L’atteggiamento del Governo italiano e del partito che ne esprime il Presidente è sbalorditivo. A parte lo zelo encomiabile di una parlamentare europea del Pd (Renata Briano) e di un deputato italiano del gruppo misto (Mauro Pili), gli esponenti del Partito democratico hanno scelto inizialmente di osservare un imbarazzato silenzio. Alcuni di loro hanno ammesso, sotto la garanzia dell’anonimato, di avere ricevuto dal partito pressanti raccomandazioni finalizzate a tacere e sopire, placare e rassicurare gli animi dei rappresentanti delle organizzazioni imprenditoriali, che protestavano per il fatto che un’intesa così gravida di conseguenze per una delle attività produttive più rinomate nel nostro Paese fosse stata chiusa senza provare a calcolarne gli effetti. Alcuni, invece, sono usciti allo scoperto per accusare di ingiustificato protagonismo Pili. Ciò che conta e preoccupa è l’ordine del giorno approvato dalla maggioranza governativa, nel cui testo finale sono state cancellate le parole “al fine di apporre modifiche” all’accordo, mentre è rimasto un generico impegno a difendere le attività di pesca.

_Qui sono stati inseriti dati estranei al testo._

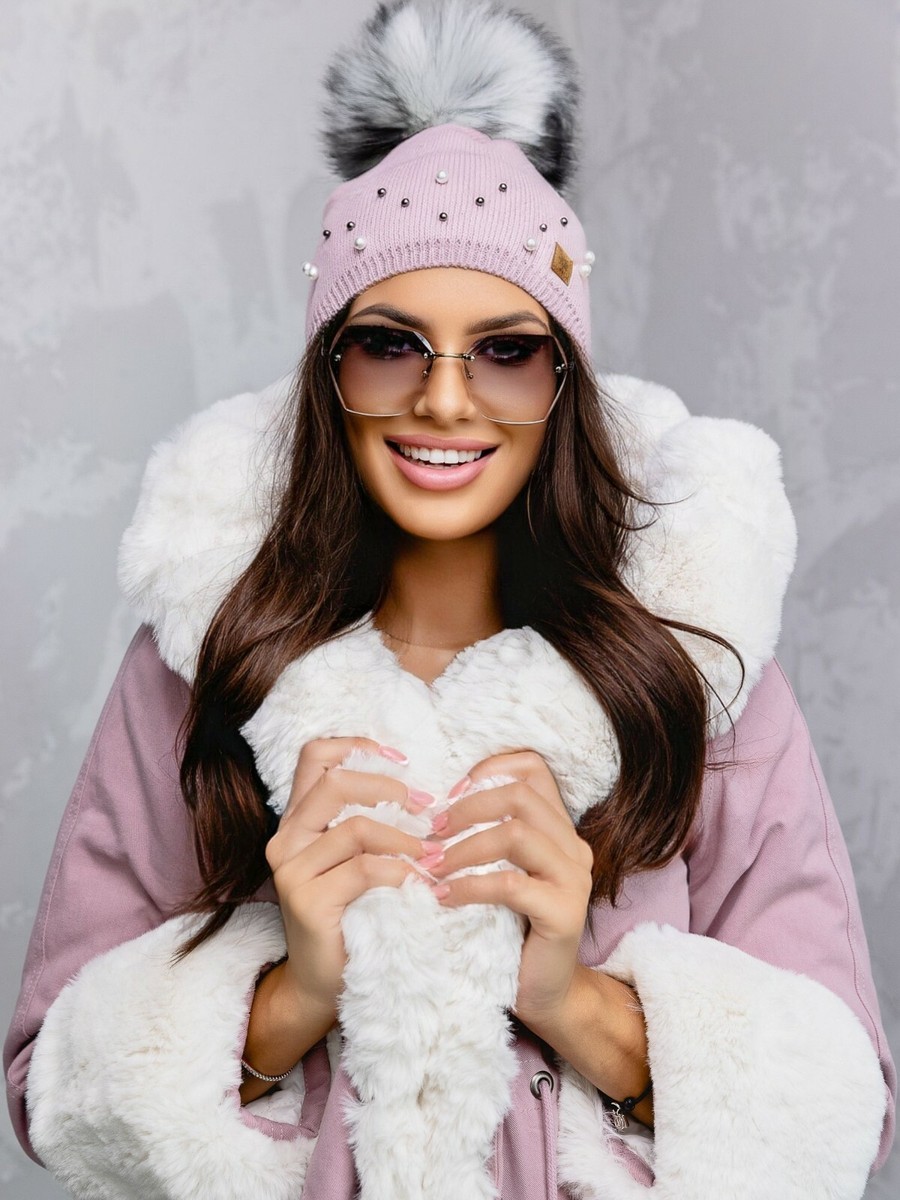 women's winter hat with pearls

Quanta circospezione, quanta prudenza, ma soprattutto quanta opacità nel difendere un testo e una carta geografica che impietosamente mostrano la cessione di aree marittime, che non sarebbero più acque internazionali utilizzabili da tutti, per essere annesse alla sovranità di uno Stato confinante. Giustamente l’eurodeputata ligure ha sollevato l’interrogativo riguardo al rispetto delle regole del diritto internazionale e della competenza dell’Unione europea in materia di difesa delle risorse ambientali e naturalistiche. Ma, al di là della forma, altre domande si pongono. Il Nostro Mare ha limiti naturali molto ristretti e se le acque territoriali dei singoli stati si estendono, ben poco rimane per quelle libere da privilegi particolari. E un’altra domanda meriterebbe risposta da chi ha trattato e poi siglato l’accordo: che significato ha l’accenno ai “giacimenti sui fondali” non ancora sfruttati nel Mediterraneo di cui si trova traccia nelle dichiarazioni rese in Parlamento dal rappresentante del ministero degli Esteri? Solo gamberi, pesci spada e tonni suscitano l’appetito transalpino?

La risposta non è stata data nei dettagli, ma la nostra attenzione non può non andare a un punto dell’accordo in cui si legge: “Se un giacimento di risorse naturali si estende su entrambi i lati di delimitazione della piattaforma continentale e se le risorse situate su un lato di questa linea possono essere sfruttate da impianti situati sull’altro lato, le parti cercano di accordarsi sulle modalità di valorizzazione di tale giacimento nel modo più efficace possibile”.

Nessuno di noi credo possa accettare che mentre nel Bel Paese si discute ampiamente di riforme e di “questioni etiche”, e mentre il Premier rivendica rumorosamente spazi di sovranità minacciati dagli stati forti dell’Eurozona, alcuni ministeri siano silenziosamente dediti a smantellare e svendere un settore industriale come quello della chimica (vedi il caso Eni-Versalis), depotenziare il sistema bancario a partecipazione popolare, destrutturare il modello automistico delle regioni e sacrificare attività produttive tradizionali, come quelle della pesca, sull’altare di spericolate trattative sullo sfruttamento di fonti energetiche fossili, su cui si gioca purtroppo il destino di molti popoli.